L'agence a souligné que l'acquisition estimée de 4,2 milliards de dollars, ainsi que l'annonce de Cox des investissements pour plus de 10 700 millions de pesos sont basées sur la certitude juridique et la stabilité offerte par la nouvelle réglementation du secteur de l'énergie au Mexique.
« Nous nous félicitons pour l'investissement dans notre pays de Cox, une entreprise espagnole spécialisée dans les énergies renouvelables et l'eau, dont le profil est aligné sur les plans d'expansion du secteur de l'électricité et les objectifs du plan du Mexique », a-t-il déclaré dans un communiqué.
Le gouvernement a expliqué que les actifs achetés par COX comprennent 15 centrales électriques en fonctionnement, avec une capacité installée dépassant 2 600 mégawatts, ainsi qu'un portefeuille de génération supérieure
à 20 teravatio-hora par an.
«Très positif l'arrivée du groupe Cox»: Ebrard
Le secrétaire à l'économie, Marcelo Ebrard, a décrit comme très positif l'acquisition de Cox Energy.
«C'est un groupe dirigé par un jeune homme en Espagne, Enrique Riquelme, très jeune, International Innovation Award, a commencé avec des investissements dans l'énergie propre, maintenant ils participent également à l'eau. Et c'est une très bonne nouvelle de l'arrivée de ce groupe, je pense qu'ils auront des investissements très importants dans notre pays, a déclaré le responsable à la fin d'un événement avec des entrepreneurs.

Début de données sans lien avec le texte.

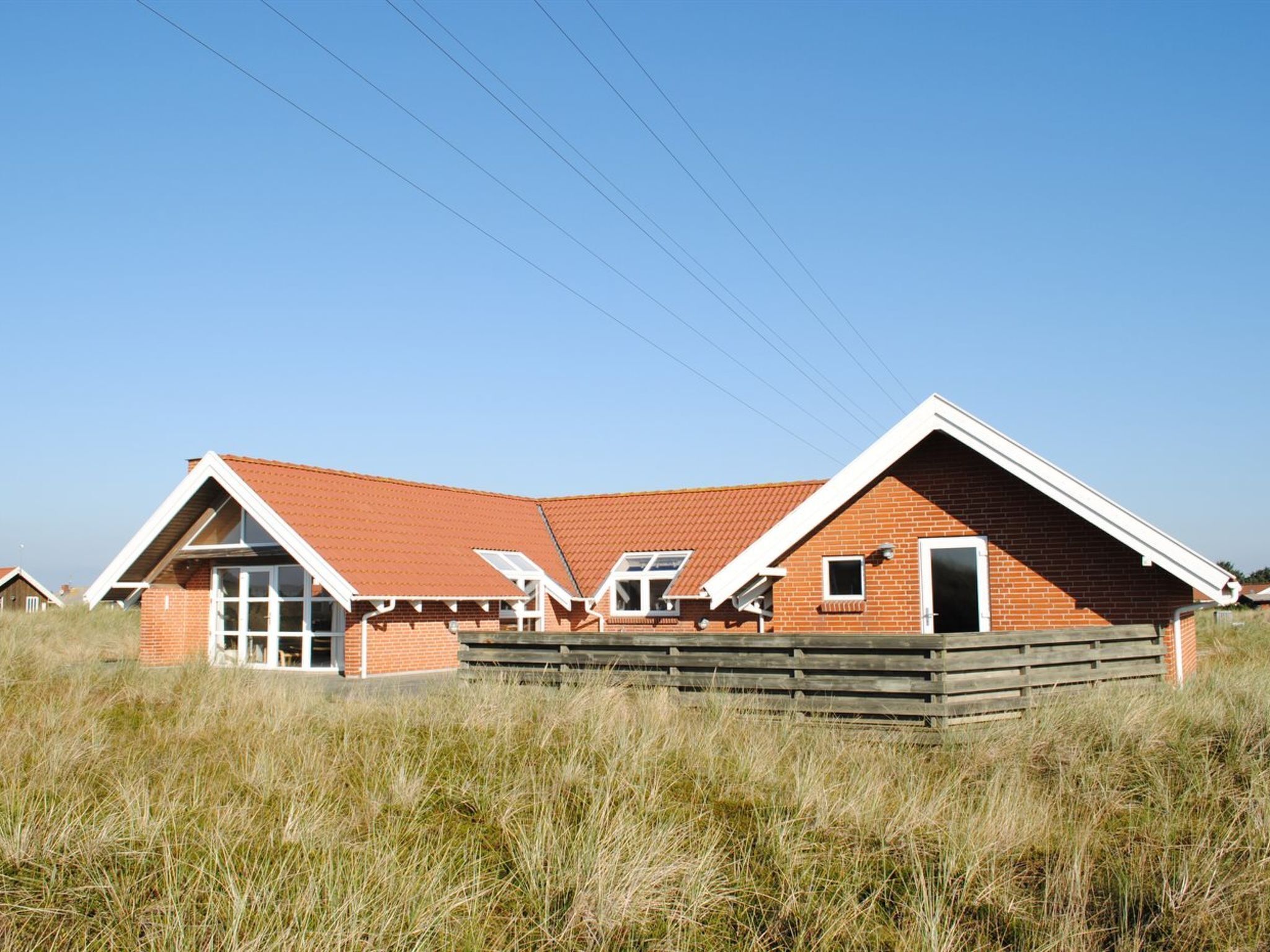 A two-story brick house with a sloped roof, large windows, and a wooden fence in a grassy field.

La semaine dernière, la présidente Claudia Sheinbaum a déclaré à l'espagnol Iberdrola qu'elle « n'aurait pas à se retirer du Mexique », il y a actuellement des règles pour qu'il puisse se développer dans le pays.

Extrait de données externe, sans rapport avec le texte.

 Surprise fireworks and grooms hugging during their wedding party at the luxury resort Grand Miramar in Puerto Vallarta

Iberdrola a maintenu les tensions avec l'administration du président Andrés Manuel López Obrador, qui en février 2024 a culminé avec l'achat de 13 usines électriques à Iberdrola par l'État.
Le 12 juin 2023, Iberdrola a signé l'accord de vente de 13 usines de production d'électricité au plus grand gestionnaire de fonds du pays, le State Mexico Infrastructure Partnets (MIF) et le National Infrastructure Fund (Fonadin), pour une valeur de 6,2 milliards de dollars et cela fournirait 8.539 MEGAWATTS (MW).
Lors de l'annonce de l'acquisition, Amlo a considéré l'achat comme une « nouvelle nationalisation », en accordant au secteur public 54% de la production d'électricité dans le pays.